* [Source data]:

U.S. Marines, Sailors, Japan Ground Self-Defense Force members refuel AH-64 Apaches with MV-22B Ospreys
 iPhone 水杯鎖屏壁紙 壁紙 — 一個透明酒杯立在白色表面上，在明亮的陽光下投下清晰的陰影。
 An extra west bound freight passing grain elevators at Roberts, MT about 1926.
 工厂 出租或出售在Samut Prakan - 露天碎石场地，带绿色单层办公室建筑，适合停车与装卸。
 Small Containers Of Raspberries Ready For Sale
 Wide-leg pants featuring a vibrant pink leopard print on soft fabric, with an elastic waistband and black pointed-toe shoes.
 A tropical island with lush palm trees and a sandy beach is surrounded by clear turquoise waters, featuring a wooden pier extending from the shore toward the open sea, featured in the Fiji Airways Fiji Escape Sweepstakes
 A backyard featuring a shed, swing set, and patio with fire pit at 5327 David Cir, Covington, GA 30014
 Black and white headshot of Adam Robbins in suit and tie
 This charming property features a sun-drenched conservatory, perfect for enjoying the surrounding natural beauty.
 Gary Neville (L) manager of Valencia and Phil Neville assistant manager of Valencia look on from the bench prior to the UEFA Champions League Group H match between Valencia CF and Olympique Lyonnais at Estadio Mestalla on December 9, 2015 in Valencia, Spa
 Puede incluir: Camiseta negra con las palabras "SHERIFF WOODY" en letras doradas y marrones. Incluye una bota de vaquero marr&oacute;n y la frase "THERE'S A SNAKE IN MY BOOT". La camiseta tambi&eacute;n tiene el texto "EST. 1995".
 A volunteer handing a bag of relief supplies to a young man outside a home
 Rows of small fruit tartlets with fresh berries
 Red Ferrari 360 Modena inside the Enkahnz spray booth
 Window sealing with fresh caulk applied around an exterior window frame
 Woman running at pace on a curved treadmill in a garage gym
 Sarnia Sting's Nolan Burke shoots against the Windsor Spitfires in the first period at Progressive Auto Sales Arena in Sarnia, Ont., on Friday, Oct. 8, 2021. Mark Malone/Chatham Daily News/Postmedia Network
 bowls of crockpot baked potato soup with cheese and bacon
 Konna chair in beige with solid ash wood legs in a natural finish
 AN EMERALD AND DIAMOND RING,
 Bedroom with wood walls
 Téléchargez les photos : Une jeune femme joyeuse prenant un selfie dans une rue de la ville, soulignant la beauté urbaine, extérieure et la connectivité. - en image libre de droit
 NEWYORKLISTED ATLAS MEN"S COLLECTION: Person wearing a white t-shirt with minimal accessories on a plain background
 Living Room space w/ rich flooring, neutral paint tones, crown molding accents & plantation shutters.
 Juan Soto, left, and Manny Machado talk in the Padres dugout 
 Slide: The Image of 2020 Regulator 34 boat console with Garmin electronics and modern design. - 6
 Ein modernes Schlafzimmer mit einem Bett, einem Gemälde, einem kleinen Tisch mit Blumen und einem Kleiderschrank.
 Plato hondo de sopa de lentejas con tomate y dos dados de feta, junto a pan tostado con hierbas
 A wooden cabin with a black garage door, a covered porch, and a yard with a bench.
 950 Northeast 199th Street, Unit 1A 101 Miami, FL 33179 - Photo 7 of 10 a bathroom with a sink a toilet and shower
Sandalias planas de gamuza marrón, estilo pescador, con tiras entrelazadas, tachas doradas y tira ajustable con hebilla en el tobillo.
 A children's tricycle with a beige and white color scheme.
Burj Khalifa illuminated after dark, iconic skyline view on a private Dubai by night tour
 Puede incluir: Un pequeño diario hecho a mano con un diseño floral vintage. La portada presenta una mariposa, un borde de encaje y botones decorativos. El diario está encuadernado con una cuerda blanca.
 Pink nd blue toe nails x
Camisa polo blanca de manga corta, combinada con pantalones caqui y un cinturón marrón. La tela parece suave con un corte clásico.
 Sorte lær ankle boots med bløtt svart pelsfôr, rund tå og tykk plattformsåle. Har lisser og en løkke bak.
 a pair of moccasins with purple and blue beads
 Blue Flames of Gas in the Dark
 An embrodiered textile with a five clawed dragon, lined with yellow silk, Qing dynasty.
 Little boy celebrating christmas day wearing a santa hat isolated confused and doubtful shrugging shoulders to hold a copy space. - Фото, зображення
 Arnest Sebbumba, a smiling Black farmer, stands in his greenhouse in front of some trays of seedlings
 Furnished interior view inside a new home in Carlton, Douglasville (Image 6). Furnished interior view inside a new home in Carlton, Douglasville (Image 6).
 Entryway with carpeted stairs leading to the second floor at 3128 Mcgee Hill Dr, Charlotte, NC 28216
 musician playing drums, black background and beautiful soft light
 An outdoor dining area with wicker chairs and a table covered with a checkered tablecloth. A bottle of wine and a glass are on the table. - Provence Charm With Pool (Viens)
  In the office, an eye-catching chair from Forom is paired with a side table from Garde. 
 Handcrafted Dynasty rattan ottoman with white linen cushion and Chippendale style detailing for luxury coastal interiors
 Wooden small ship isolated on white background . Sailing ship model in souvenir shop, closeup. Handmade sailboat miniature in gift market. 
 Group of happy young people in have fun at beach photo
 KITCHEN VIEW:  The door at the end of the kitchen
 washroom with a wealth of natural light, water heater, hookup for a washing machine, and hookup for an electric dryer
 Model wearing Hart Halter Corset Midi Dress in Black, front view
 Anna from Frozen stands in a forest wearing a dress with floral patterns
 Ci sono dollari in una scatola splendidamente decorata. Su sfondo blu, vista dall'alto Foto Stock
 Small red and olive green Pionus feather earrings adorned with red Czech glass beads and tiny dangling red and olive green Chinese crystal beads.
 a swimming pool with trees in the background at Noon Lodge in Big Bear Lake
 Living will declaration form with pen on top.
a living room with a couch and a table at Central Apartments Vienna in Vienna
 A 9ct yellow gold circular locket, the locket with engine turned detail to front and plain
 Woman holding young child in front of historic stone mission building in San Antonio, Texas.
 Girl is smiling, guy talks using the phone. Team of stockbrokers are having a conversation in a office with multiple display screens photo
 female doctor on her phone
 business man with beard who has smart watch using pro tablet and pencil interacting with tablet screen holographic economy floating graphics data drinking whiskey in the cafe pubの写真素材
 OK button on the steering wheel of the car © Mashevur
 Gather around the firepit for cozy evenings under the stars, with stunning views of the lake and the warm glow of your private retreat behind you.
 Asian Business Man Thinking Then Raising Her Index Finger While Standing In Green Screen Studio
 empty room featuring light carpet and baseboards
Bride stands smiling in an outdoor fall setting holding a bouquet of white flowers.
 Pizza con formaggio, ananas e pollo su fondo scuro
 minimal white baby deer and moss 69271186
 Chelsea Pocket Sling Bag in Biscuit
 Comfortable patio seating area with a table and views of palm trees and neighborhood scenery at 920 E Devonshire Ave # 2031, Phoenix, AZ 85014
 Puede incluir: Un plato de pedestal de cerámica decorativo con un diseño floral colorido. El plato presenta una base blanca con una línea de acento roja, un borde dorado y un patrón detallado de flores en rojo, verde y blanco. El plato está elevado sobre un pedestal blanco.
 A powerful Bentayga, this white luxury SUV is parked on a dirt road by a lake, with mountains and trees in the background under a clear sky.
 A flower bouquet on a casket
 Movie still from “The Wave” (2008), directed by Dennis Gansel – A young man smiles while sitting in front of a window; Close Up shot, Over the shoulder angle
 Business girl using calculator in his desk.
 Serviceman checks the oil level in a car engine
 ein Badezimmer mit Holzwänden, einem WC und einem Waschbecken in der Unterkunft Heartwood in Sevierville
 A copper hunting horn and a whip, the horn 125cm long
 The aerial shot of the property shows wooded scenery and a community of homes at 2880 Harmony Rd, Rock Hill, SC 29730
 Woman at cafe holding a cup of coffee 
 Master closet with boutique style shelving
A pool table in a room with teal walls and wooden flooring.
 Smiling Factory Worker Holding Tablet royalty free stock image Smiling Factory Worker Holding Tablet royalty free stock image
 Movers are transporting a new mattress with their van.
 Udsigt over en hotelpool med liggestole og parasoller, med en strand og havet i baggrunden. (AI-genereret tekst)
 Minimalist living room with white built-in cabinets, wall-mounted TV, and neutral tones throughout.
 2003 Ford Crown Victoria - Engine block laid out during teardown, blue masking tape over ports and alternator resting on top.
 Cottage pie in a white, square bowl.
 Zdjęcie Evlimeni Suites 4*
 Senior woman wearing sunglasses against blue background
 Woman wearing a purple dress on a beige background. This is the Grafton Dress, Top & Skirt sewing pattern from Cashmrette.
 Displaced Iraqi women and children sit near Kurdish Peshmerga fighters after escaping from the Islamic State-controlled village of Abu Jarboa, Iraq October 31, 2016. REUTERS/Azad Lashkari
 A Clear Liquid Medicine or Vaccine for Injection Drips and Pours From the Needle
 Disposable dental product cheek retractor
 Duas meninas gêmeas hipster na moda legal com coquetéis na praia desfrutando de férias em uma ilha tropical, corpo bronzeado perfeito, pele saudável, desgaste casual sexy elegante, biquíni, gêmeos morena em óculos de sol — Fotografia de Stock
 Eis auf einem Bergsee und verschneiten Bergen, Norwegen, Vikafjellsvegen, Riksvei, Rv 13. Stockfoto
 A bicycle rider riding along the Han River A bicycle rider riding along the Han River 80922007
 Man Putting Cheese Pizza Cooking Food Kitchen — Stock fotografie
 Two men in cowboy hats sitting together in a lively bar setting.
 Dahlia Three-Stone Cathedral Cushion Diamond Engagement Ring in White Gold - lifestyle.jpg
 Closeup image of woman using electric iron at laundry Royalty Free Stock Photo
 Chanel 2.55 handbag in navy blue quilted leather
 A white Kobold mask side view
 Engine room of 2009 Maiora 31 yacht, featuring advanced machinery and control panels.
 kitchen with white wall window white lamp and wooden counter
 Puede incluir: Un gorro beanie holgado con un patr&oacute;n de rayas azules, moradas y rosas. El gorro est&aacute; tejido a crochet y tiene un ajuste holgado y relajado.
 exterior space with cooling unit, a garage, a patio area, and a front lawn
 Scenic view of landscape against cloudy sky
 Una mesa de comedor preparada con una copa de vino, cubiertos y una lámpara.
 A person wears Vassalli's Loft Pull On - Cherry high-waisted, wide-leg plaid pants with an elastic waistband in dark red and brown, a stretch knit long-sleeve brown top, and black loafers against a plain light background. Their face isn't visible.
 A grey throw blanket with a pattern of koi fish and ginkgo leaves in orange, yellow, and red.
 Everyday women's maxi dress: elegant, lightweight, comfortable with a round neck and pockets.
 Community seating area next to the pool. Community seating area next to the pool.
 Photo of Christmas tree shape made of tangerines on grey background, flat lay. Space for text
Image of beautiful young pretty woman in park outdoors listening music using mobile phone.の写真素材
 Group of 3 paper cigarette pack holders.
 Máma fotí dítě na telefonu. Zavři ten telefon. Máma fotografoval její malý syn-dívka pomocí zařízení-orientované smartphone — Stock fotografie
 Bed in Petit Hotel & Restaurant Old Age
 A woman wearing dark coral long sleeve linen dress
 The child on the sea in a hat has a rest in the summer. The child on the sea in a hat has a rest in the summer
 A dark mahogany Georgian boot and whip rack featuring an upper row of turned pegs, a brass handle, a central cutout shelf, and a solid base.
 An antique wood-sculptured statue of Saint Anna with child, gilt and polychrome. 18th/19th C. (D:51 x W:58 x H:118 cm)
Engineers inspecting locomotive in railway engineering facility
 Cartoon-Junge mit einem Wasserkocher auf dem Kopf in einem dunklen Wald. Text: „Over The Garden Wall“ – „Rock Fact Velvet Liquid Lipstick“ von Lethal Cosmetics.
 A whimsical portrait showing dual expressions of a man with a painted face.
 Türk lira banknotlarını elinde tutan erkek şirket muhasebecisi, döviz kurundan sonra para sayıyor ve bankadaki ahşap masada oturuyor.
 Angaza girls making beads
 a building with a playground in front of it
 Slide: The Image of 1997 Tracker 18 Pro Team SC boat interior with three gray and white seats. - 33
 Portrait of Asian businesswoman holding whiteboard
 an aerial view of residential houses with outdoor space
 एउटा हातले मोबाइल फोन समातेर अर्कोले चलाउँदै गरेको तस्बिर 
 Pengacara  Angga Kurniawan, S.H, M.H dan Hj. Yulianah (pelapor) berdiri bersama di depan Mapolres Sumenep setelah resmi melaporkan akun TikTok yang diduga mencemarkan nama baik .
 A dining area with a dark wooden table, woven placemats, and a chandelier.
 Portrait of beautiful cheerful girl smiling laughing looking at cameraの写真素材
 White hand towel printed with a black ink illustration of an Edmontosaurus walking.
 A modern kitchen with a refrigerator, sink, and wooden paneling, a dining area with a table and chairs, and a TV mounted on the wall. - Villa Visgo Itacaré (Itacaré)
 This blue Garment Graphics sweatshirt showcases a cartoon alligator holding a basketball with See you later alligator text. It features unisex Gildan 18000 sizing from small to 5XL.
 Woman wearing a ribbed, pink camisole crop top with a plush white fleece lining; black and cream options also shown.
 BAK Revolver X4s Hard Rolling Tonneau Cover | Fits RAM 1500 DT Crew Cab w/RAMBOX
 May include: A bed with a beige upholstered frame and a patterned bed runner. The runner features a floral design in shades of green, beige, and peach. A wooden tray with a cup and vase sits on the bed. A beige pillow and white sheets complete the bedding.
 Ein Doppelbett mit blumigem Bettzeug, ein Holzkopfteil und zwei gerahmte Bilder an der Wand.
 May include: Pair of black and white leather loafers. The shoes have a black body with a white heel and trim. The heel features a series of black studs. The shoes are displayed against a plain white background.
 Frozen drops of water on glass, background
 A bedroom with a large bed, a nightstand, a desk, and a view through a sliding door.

* [Your objective]:
Copy out the lines above exactly, beginning at the one that contains "washroom with a" and ending at the one that contains "Woman holding young".

* [Result]:
 washroom with a wealth of natural light, water heater, hookup for a washing machine, and hookup for an electric dryer
 Model wearing Hart Halter Corset Midi Dress in Black, front view
 Anna from Frozen stands in a forest wearing a dress with floral patterns
 Ci sono dollari in una scatola splendidamente decorata. Su sfondo blu, vista dall'alto Foto Stock
 Small red and olive green Pionus feather earrings adorned with red Czech glass beads and tiny dangling red and olive green Chinese crystal beads.
 a swimming pool with trees in the background at Noon Lodge in Big Bear Lake
 Living will declaration form with pen on top.
a living room with a couch and a table at Central Apartments Vienna in Vienna
 A 9ct yellow gold circular locket, the locket with engine turned detail to front and plain
 Woman holding young child in front of historic stone mission building in San Antonio, Texas.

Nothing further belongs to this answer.